My initial response to the wave of short, skinny, disappearing eyebrows was to grow my bangs long. I figured if they hit right in the middle of my eyebrows, the untrained eye would be unable to discern whether the hair that looked astray came from the top of my head or my eyebrows. I thought this strategy was working until one day, two coworkers began pestering me, wanting to know why I never got my eyebrows waxed, why wouldn’t I want to do it, everybody did it, and it made keeping your eyebrows groomed so much easier. I guess having broached the subject once, these women felt they might as well harass me on a daily basis and see if they could shame me into a salon where a trained professional could wrestle my radical eyebrows in line with acceptable norms. I resisted their suggestions, mainly because I had no interest in unnecessary pain, and having already found a husband, I didn’t think my future happiness depended upon it.

However, after several months of constant critiquing of my eyebrows, my coworkers attitude became more aggressive, as if they refused to believe that my eyebrows just grew that way, and instead thought that I must somehow be encouraging them to be out of step with society. I finally did make my way to a salon, I suppose in some respects in response to the months of badgering. However, my main motivation for finally going under the wax, was that I had to attend a wedding for a tall beautiful couple. I had just had a baby I was trying to do anything that would improve my appearance and make me feel a little less chubby and drab, particularly in the face of beautiful people primed and shined up for a wedding.

The following description of my first experience at the hands of an eyebrow waxer can also be used as a manual on how-not-to get your eyebrows groomed. I made my appointment at the salon in conjunction with a haircut, not what a beauty magazine might characterize as a top-notch salon, although it was a self-described “full-service” salon. When I arrived and was seated in the chair to discuss my haircut, the stylist was so distracted by my eyebrows that she found herself unable to listen to any discussion on my hair until my eyebrows were properly disciplined. Two warning bells should have sounded in my head, but as an eyebrow client novice, I had no idea. First, the hair stylist was also going to be the eyebrow stylist, although apparently this was absolutely no guarantee that she knew what she was doing. Second, the stylist’s own eyebrows were two inch long commas over her eyes, and I could not tell by looking at her what her “ungroomed” eyebrows might have typically looked like. Naïve as I was, I assumed that she would clean up the strays under and between my eyebrows and leave them looking like a better, neater, shall I say, better-groomed version of my original brows.

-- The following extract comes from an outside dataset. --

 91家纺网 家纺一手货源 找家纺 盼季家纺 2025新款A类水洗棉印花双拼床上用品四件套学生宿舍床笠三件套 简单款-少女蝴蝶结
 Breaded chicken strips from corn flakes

The warmth of the wax was actually quite nice, and the part where she ripped the hairs out of my brows while not fun, was not as painful as I had prepared myself for. I could not tell from the sensations on my face what the brows were going to look like, but I was optimistic, and proud of myself that I had finally become a modern woman with well-groomed brows. As I walked back to the stylist’s chair to get my first look at them, I was filled with anticipation, but as I gazed up to look in the mirror, I was suddenly filled with alarm. There, above my eyes, where my eyebrows used to be, surrounded on all sides by sunburn pink skin, were two little commas, each about an inch long. I looked, I thought, like a complete idiot. I had no notion how I would face my brothers and sisters who had inherited the same distinctive eyebrows I had just abandoned, no idea what to say to the bullying coworkers who had thought this was such a great idea, and no clue how to salvage my face for the wedding I was about to attend. I looked like one of those female movie extras from the twenties, who had shaved off her eyebrows and drawn them back on in such an unlikely manner, that you had trouble taking in any other part of her face.

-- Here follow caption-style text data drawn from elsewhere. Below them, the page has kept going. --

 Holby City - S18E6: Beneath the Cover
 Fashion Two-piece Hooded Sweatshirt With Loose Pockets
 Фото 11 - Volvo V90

And so I sat through the haircut, repeating over and over that I wanted my bangs left long, really long, maybe don’t even cut the bangs at all, they were my only source of camouflage for my now nearly naked browbone. I went home and faced my husband, waiting for him to tease me a little and then comfort me for the way I had been abused in the name of fashion. However, he did not notice anything other than my haircut. At work the next day, I ducked down in front of my computer screen, hoping the tilt of my head would provide my bangs with additional length and enable them to provide additional coverage. Eventually, the browbeating coworkers came by, and when I looked up to face them, they were absolutely delighted by what they saw, spewing compliments, asking “Aren’t you sorry you waited so long?” I gave them a weak smile, and while I believed they were sincere, I also thought they were out of their minds. Finally, on Saturday, as my husband and I sat around with our friends having a few drinks before the wedding, one of my friends said to an astonished me, “I see you’ve started waxing your eyebrows – they look great.”

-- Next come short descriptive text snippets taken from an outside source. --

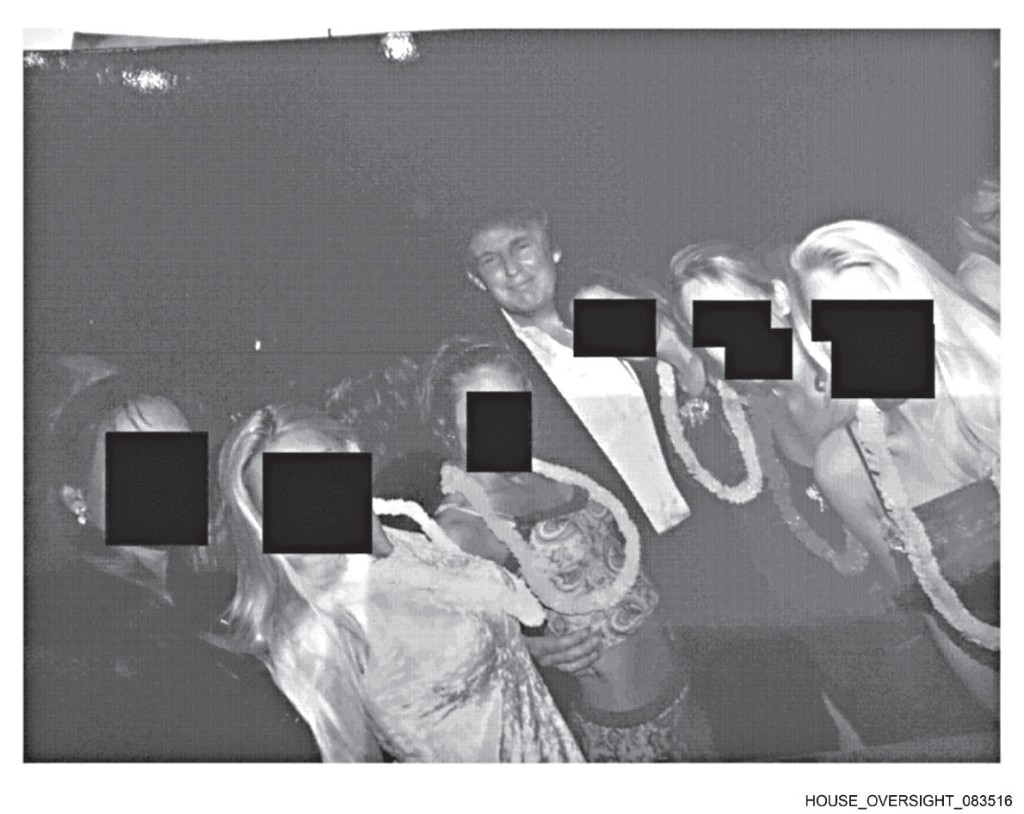 年輕時的特朗普面露笑容，與6名樣貌被遮蓋的女子合照。 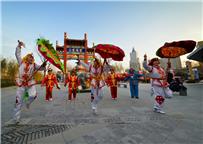 秧歌扭到宽厚里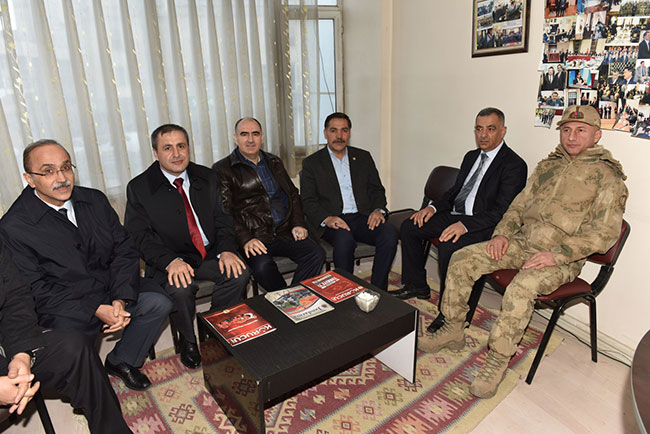 vali-ozkan-kahramanmaras-guvenlik-koruculari-dernegini-ziyaret-etti2.jpg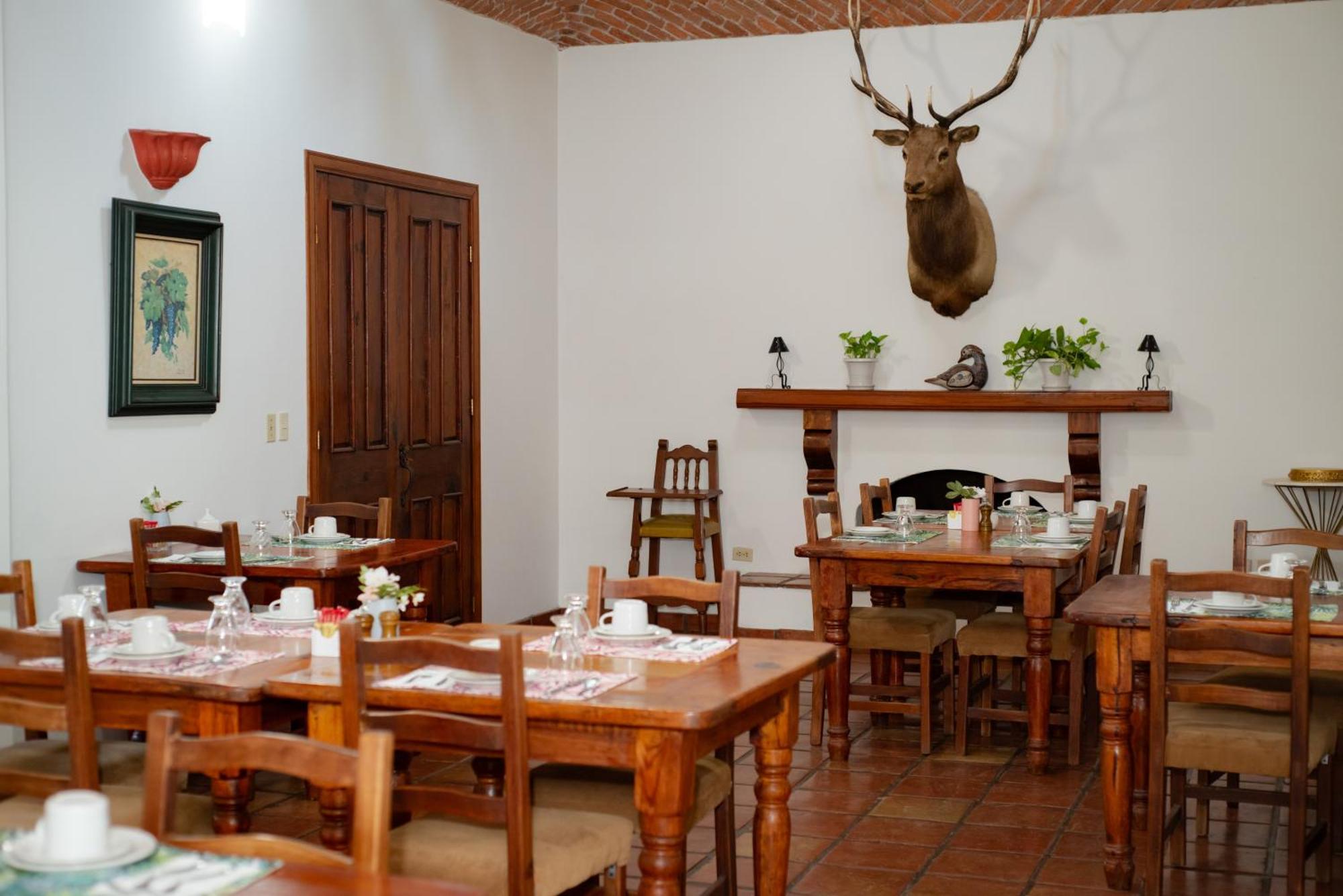 Hotel Hacienda Cazadores Navojoa Exterior photo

I still puzzle over the universal acclaim my nondescript teeny eyebrows received. I guess eventually I began to think that maybe I was wrong, that eyebrows should all look alike, and that in order to be well groomed, I should fall in line with the rest of America. I also realized that having had my eyebrows removed, I was going to have a hard time growing them back into their original shape. As each hair grew back in, I was never sure whether it was one I should keep, or one that was stray, so month after month, I found myself back in the salon for another comma shaping treatment. I had heard that if you remove your eyebrows too often, eventually they will not grow back in, and I might have fallen victim to that quirk of nature if not for the US Army.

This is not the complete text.